塩原温泉郷はこの箒川の流域一帯約10kmにわたって11の温泉地からなる渓谷の温泉郷。平安時代の大同元年(806)に発見され、1200年以上もの間人々に親しまれてきました。大網、福渡、塩釜、畑下、古町、元湯など各温泉地からは、162もの源泉が湧き、その豊富な湯量と効能は、明治・大正時代には広く知れわたり、多くのの文人や皇族が訪れたといいます。尾崎紅葉の『金色夜叉』や田山花袋の『山水小記』をはじめ、文豪たちが作品の中に塩原温泉郷を登場させ、その魅力を伝えてきました。小説や歌に詠まれた美しい自然は今も変わりません。真っ赤な秋が今年もやってきました。

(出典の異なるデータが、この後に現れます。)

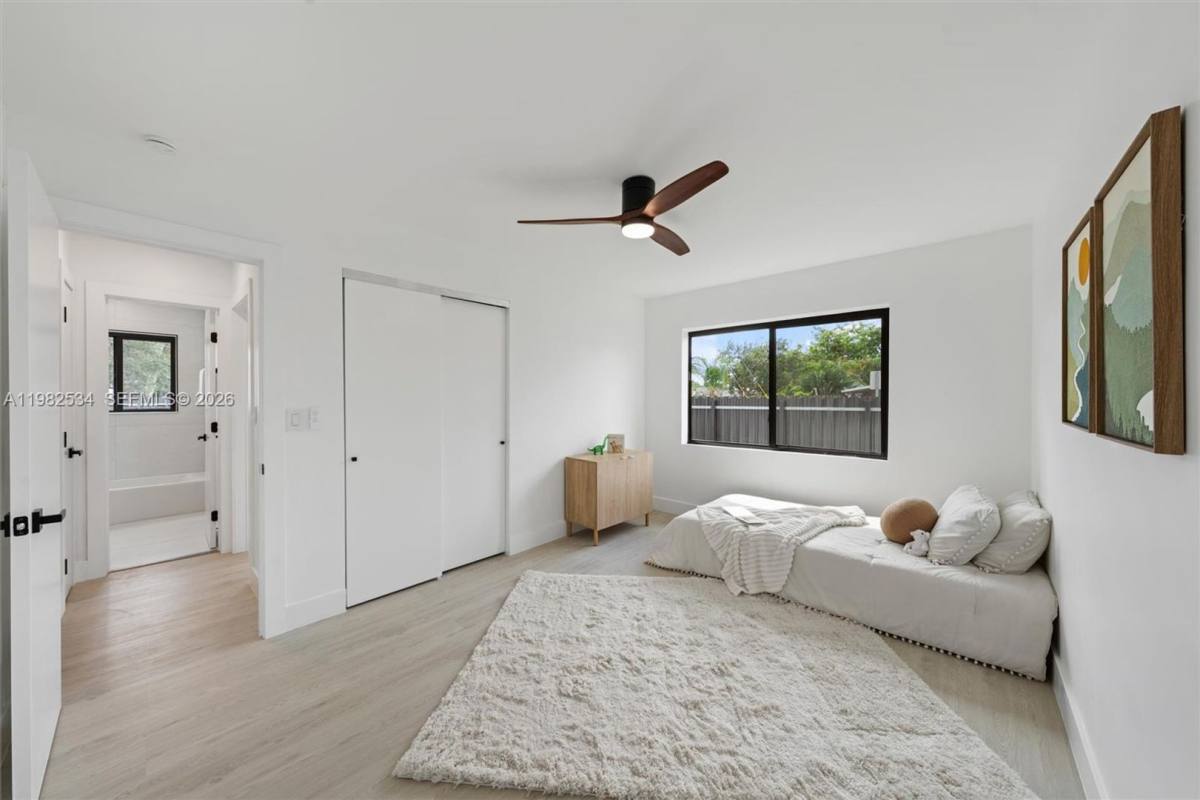 House for rent at 1305 N 31st Rd, Hollywood, FL 33021
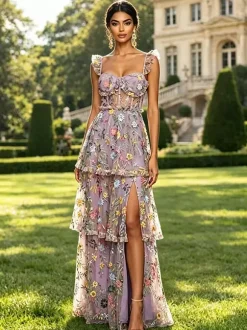 Robe de bal lavande poudré en tulle brodé de fleurs bretelles à volants corset dos en résille fente haute à plusieurs niveaux robe maxi d'invitée de mariage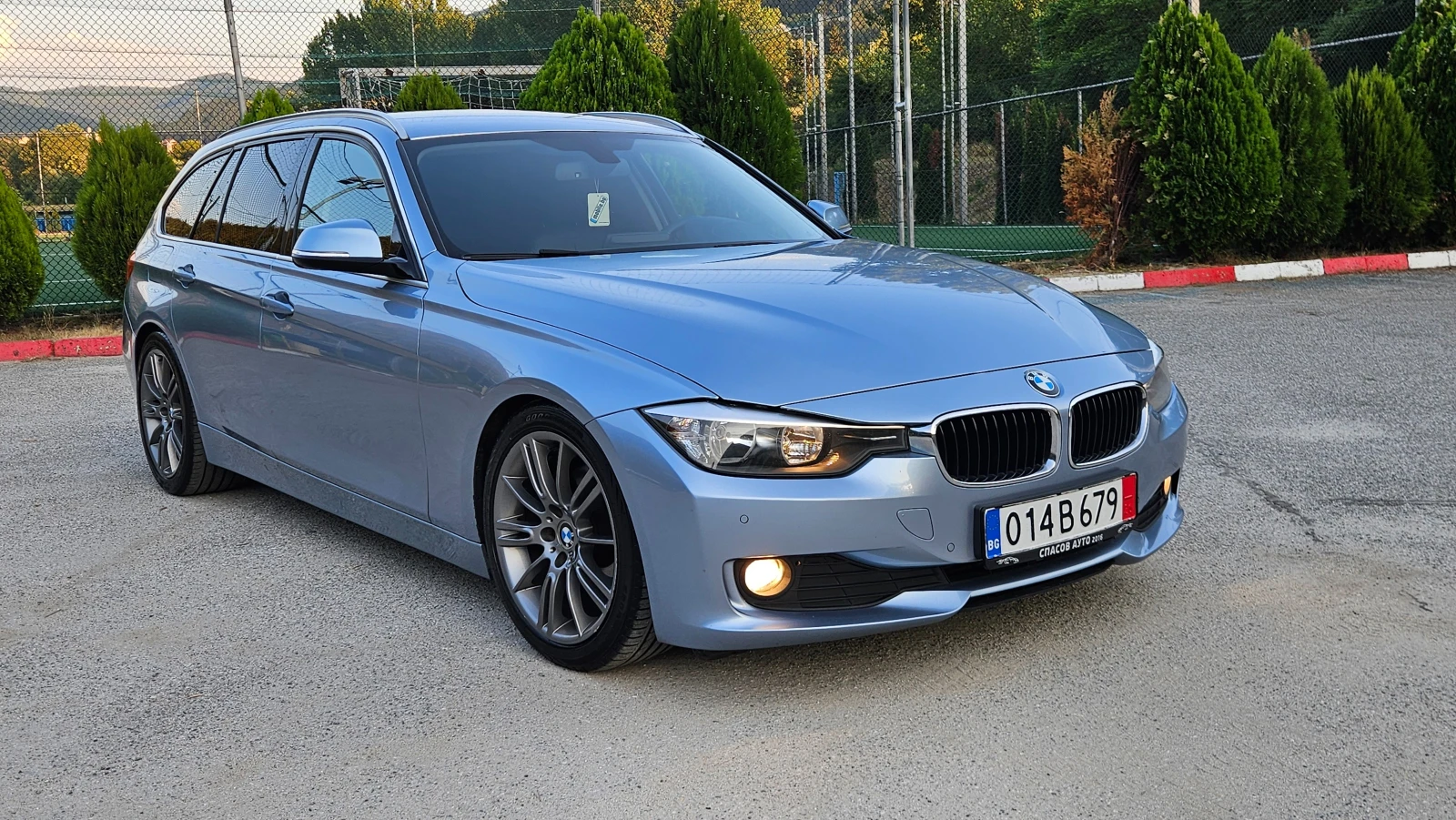 BMW 320 2.0 KOJA/NAVIG/UNIKAT, снимка 8 - Автомобили и джипове - 55781455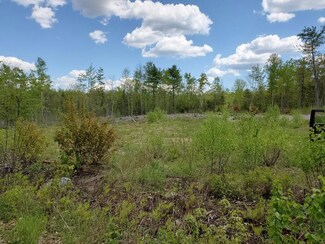 79 Perkins Rd, Winterport, ME 04496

遠く眺めるのではなく、紅葉の懐に潜りこんだような景色がいたるところで楽しめるのが塩原温泉郷の魅力で、渓谷沿いにはつり橋や滝も多く、歩きたい道を数えたらきりがありません。なかでも圧巻の紅葉美を見せるのが、温泉街の中心の古町地区にある「紅の吊橋」です。夏目漱石や尾崎紅葉などい、この地を愛した塩原ゆかりの文人たちを紹介する展示室などがある塩原もの語り館の裏に平成15年に完成した全長52mの箒川に架かる橋です。地元の人たちが植樹し、大切に育んできた対岸のイロハモミジが燃え上がるようにはっとするほど鮮やかな紅色に染まることから橋の名が付いたとのこと。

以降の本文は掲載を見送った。